Ce qui change concrètement.
Le décret introduit un double niveau de certification aligné sur le niveau de sensibilité des données, ce qui implique une qualification stricte des prestataires de services Cloud.
La qualification des prestataires du niveau 1, qui concerne les systèmes d’information sensibles, est soumise aux exigences prévues par l’article 4 du décret, dont l’hébergement et la gestion doivent être réalisé exclusivement par une société 100% marocaine (capital, direction et équipes). Quant aux prestataires du niveau 2, liés aux données sensibles, il est impératif que le stockage physique soit réalisé sur le sol marocain et qu’aucune loi étrangère ne puisse s’appliquer. Dans l’objectif d’éviter les risques d’espionnage ou de saisie extraterritoriale, le niveau 2 exige une interdiction de toute externalisation ou accès distant non supervisé par l’Etat.

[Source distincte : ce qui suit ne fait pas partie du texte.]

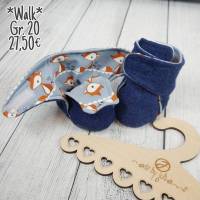 Baby Stiefel aus Walk / Überzieher für Babys und Krabbelkinder Blau - Fuchs Gr. 20 Bild 1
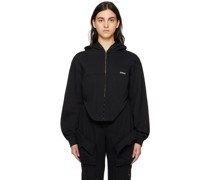 Black Corset Hoodie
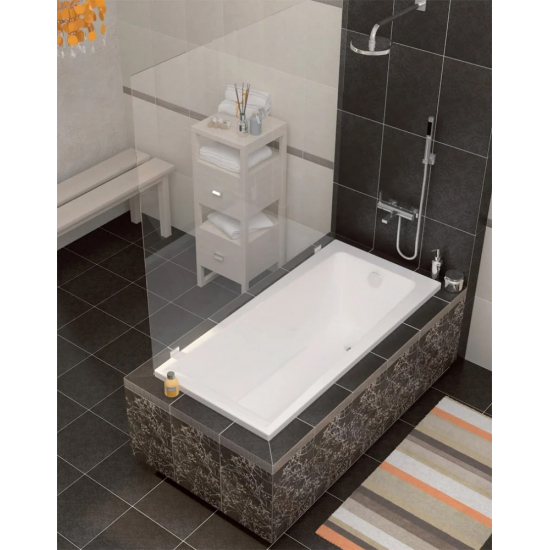 Акриловая ванна CERSANIT Lorena 140x70 см, с каркасом, ультрабелая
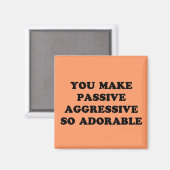 Passieve agressieve magneet (Voorkant / Achterkant)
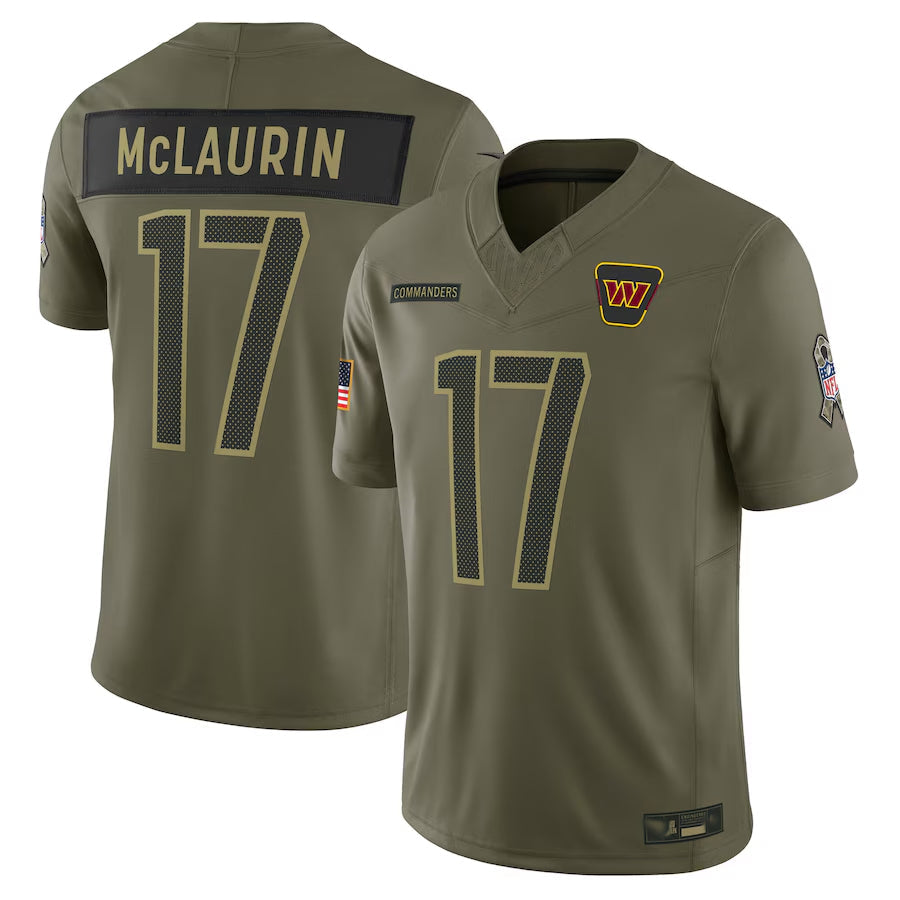 Custom #17 MCLAURIN Pro Stitched Jersey - Premium Edition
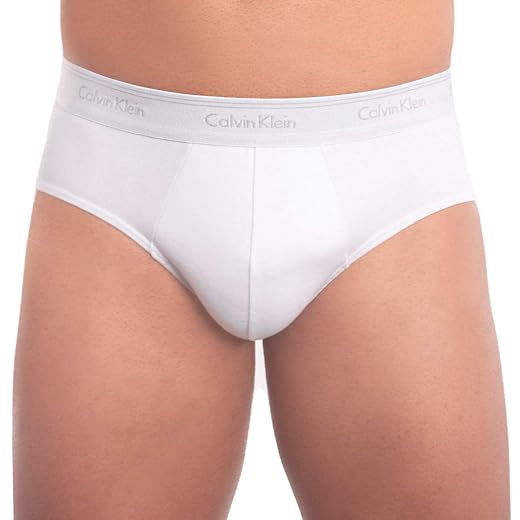 Kit com 2 Cuecas Slip Brief Cotton Calvin Klein Preto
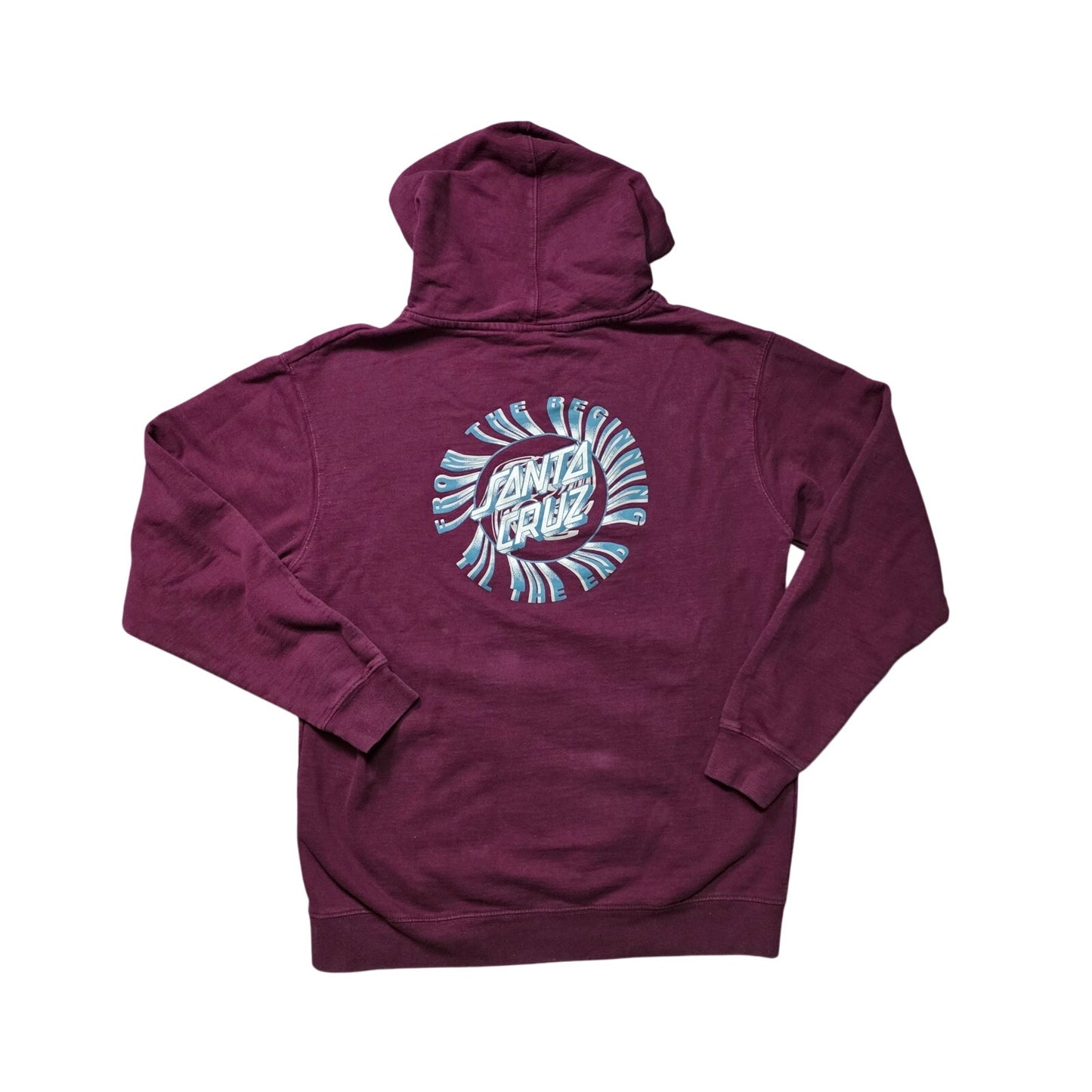 Santa Cruz Beginning Dot Zip Hoodie Men’s XL Maroon Classic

En effet, pour obtenir la qualification, les prestataires doivent satisfaire à des critères impératifs tels que :
- Infrastructure située localement : serveurs implantés sur le territoire marocain.

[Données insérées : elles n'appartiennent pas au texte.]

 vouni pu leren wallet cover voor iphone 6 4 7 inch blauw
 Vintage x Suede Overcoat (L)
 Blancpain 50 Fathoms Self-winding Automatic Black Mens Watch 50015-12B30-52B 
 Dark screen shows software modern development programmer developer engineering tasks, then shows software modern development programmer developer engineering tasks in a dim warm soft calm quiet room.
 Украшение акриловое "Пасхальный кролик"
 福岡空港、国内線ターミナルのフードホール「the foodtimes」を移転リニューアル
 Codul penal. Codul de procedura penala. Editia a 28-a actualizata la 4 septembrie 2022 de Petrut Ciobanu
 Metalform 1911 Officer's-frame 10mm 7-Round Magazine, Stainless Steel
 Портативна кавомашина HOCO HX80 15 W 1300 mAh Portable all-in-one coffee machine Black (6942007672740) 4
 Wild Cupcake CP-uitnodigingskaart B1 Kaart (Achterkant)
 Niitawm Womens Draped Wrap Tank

- Contrôle marocain : capital et équipes techniques majoritairement de nationalité marocaine.
- Sécurité renforcée : un audit annuel est réalisé par l’autorité nationale conformément à l’article 14 du décret.
- Transparence : interdiction des "Backdoors" pour les entités étrangères (art 13 du décret).
Une mise en œuvre progressive.
L’article 18 du décret prévoit une phase transitoire de 24 mois pour permettre aux entités concernées de se conformer aux dispositions de ce décret. Cependant, il introduit une exception temporaire en cas d’indisponibilité de solutions locales adaptées (art 17 du décret). Cette disposition, bien que pragmatique, soulève des enjeux majeurs en termes de sécurité, gouvernance et souveraineté.
L’article 17 de ce décret reflète une flexibilité sous conditions strictes. Le recours à un Cloud non qualifié n’est autorisé que si aucun prestataire qualifié ne propose un service équivalent en standards ou fonctionnalités, et une étude d’impact approfondie valide la nécessité du recours et évalue les risques, et ceci afin d’éviter de bloquer des services ou des opérations critiques tout en minimisant les risques. En effet, le mécanisme transitoire prévu par le décret est un compromis réaliste, mais il exige une vigilance extrême pour que cette exception ne devienne pas une faille.
Le Cloud, nouvel outil de puissance.
Avec la loi n°05-20 et le décret n° 2.24.921, le Maroc joue un équilibre délicat entre pragmatisme économique et sécurité nationale. La réussite dépendra de la rigueur avec laquelle l’autorité nationale contrôlera la phase transitoire.